On Wed, Jul 31, 2019 at 11:47:53PM -0700, Andrii Nakryiko wrote:
> This patch implements the core logic for BPF CO-RE offsets relocations.
> Every instruction that needs to be relocated has corresponding
> bpf_offset_reloc as part of BTF.ext. Relocations are performed by trying
> to match recorded "local" relocation spec against potentially many
> compatible "target" types, creating corresponding spec.
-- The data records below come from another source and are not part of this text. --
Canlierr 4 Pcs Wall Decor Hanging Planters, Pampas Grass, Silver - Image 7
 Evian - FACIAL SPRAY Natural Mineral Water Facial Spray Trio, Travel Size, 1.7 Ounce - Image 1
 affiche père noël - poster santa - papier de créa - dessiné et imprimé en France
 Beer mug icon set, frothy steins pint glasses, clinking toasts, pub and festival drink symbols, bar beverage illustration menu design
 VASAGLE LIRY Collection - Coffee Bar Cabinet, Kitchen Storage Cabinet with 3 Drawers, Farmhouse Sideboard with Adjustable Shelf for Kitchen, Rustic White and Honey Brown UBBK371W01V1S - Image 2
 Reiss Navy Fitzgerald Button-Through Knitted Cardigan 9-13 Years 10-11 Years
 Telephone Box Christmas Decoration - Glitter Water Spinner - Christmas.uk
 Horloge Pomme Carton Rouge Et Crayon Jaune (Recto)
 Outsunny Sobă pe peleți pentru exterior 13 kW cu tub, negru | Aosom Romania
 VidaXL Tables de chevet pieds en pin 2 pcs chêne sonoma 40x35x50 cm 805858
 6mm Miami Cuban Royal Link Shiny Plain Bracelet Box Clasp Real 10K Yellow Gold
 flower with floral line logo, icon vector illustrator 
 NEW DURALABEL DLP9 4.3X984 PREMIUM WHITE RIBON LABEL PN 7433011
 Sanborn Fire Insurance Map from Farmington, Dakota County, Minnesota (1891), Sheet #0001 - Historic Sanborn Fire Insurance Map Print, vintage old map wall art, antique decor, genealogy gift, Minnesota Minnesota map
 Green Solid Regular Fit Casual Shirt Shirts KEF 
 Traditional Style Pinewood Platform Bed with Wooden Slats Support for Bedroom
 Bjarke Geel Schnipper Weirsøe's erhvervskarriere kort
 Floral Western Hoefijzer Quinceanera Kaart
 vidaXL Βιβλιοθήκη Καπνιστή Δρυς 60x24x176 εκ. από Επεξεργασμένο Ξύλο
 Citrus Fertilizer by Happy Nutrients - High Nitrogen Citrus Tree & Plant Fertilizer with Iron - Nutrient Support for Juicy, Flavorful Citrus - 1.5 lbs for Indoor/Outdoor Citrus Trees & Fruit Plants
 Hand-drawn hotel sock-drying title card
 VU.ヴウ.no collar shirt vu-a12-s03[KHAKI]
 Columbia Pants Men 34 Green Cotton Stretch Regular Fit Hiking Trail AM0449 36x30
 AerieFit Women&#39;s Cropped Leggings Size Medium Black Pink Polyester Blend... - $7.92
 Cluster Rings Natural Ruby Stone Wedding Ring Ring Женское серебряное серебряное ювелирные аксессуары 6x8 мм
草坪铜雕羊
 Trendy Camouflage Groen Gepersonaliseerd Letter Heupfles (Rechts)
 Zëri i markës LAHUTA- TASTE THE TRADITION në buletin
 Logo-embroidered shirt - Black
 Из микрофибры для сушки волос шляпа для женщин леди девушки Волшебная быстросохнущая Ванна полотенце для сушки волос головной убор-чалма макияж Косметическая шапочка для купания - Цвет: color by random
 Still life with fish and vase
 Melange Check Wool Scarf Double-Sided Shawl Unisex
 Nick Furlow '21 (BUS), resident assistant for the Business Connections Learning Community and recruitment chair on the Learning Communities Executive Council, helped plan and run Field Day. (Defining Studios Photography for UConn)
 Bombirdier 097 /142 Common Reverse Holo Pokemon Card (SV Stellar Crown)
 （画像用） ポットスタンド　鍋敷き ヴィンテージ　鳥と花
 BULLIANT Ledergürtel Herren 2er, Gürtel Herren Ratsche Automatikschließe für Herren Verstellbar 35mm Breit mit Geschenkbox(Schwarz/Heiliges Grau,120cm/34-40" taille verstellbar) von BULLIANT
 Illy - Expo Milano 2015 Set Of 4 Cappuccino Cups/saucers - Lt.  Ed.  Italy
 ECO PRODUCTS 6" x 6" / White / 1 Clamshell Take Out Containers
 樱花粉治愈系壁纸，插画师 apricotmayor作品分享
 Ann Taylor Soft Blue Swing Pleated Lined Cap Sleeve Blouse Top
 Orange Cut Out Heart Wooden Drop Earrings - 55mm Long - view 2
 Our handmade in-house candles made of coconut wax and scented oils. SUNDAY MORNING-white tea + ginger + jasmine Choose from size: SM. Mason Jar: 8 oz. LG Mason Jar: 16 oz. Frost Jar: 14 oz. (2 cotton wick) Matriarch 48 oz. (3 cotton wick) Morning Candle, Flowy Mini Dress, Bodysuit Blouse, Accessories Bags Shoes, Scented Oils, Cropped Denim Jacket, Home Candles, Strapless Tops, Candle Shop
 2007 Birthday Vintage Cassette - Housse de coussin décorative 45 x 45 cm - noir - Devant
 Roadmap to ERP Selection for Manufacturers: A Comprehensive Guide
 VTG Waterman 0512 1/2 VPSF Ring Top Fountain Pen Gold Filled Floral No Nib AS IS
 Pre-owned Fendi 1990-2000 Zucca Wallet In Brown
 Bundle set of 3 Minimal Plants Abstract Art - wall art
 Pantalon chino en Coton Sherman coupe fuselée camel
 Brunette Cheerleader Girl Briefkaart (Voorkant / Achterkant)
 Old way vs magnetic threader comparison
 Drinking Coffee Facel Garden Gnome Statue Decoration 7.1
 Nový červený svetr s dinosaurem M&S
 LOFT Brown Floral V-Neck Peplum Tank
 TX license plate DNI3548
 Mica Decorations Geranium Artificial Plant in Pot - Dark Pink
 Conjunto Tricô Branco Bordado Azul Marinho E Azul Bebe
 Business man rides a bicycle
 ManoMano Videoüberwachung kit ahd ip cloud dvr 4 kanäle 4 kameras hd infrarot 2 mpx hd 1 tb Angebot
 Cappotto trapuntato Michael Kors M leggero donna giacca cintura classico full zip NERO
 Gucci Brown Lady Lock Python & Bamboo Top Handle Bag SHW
Details of the
> algorithm are noted in corresponding comments in the code.
> 
> Signed-off-by: Andrii Nakryiko <andriin@xxxxxx>
> Acked-by: Song Liu <songliubraving@xxxxxx>
...
> +		if (btf_is_composite(t)) {
> +			const struct btf_member *m = (void *)(t + 1);
> +			__u32 offset;
> +
> +			if (access_idx >= BTF_INFO_VLEN(t->info))
> +				return -EINVAL;
> +
> +			m = &m[access_idx];
> +
> +			if (BTF_INFO_KFLAG(t->info)) {
> +				if (BTF_MEMBER_BITFIELD_SIZE(m->offset))
> +					return -EINVAL;
> +				offset = BTF_MEMBER_BIT_OFFSET(m->offset);
> +			} else {
> +				offset = m->offset;
> +			}

very similar logic exists in btf_dump.c
probably makes sense to make a common helper at some point.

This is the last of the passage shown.